Setting Up the Workloads

Setting up the Docker Containers for Triton Server and Client

In this step, we will set up Docker containers for the Triton server and client, and configure the example model repository.

Run Triton Server in Docker

To begin, clone the server repository to get the example model repository and set it up.

  git clone -b r24.08 https://github.com/triton-inference-server/server.git
  cd server/docs/examples

Fetch the Models

Run the script to fetch the models:

  ./fetch_models.sh

If the script fails, change the download link from here and run it again.

Run Triton Server in Docker

Now, run the Triton server in a Docker container. Make sure that the model repository is correctly mapped to the container. Run the following command:

  docker run -it --net=host --pid=host --name=triton-server -v ${PWD}/server/docs/examples/model_repository:/models nvcr.io/nvidia/tritonserver:24.08-py3 tritonserver --model-repository=/models

This will start the Triton server and load the models from the model_repository.

Verify Triton Server is Running

After starting the server, you should see logs in the terminal indicating that the Triton server has successfully started.

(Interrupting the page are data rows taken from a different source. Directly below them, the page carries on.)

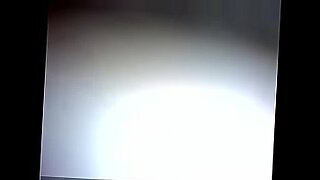 branle dans voiture aid par une inconnue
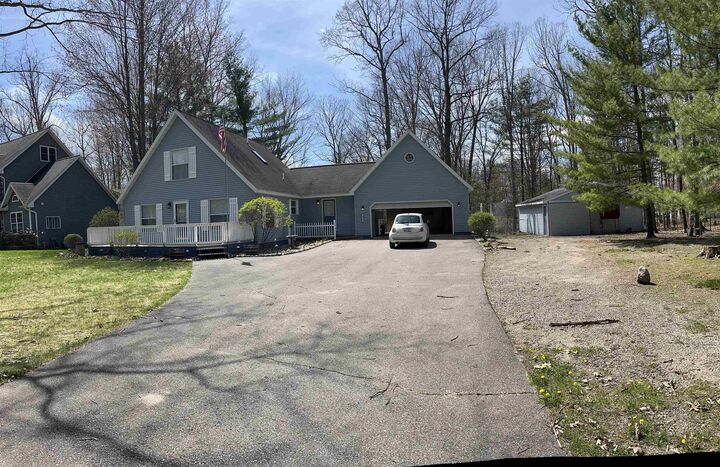 Property Photo:  124 Winding Drive  MI 48629 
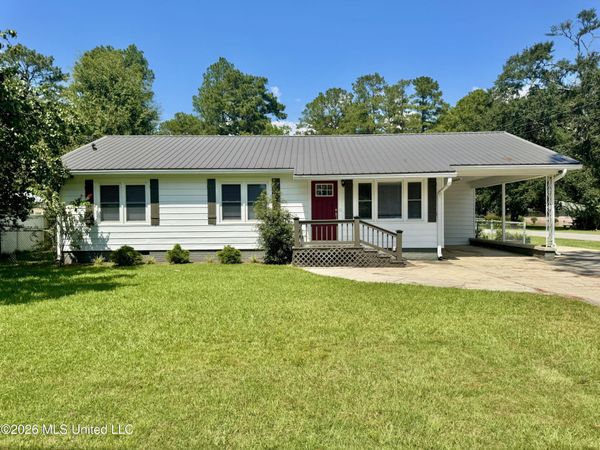 429 E Franklin Street, Quitman, MS 39355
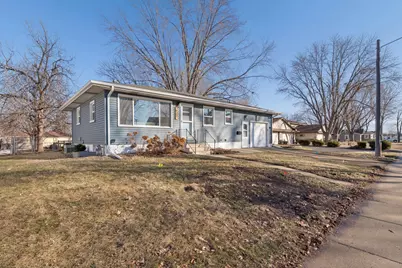 937 4th Avenue E, Shakopee, MN 55379 - Photo 3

The server should now be running and ready to serve the models.

Run Triton Client in Docker

To interact with the Triton server, you need the Triton client. Pull the Docker image for the Triton SDK:

  docker pull nvcr.io/nvidia/tritonserver:24.08-py3-sdk

Once the image is pulled, run the Triton client in Docker:

  docker run -it --net=host --pid=host --name=triton-client -v ${PWD}/server/docs/examples/model_repository:/models nvcr.io/nvidia/tritonserver:24.08-py3-sdk

This command starts the Triton client, allowing it to interact with the server running on your system.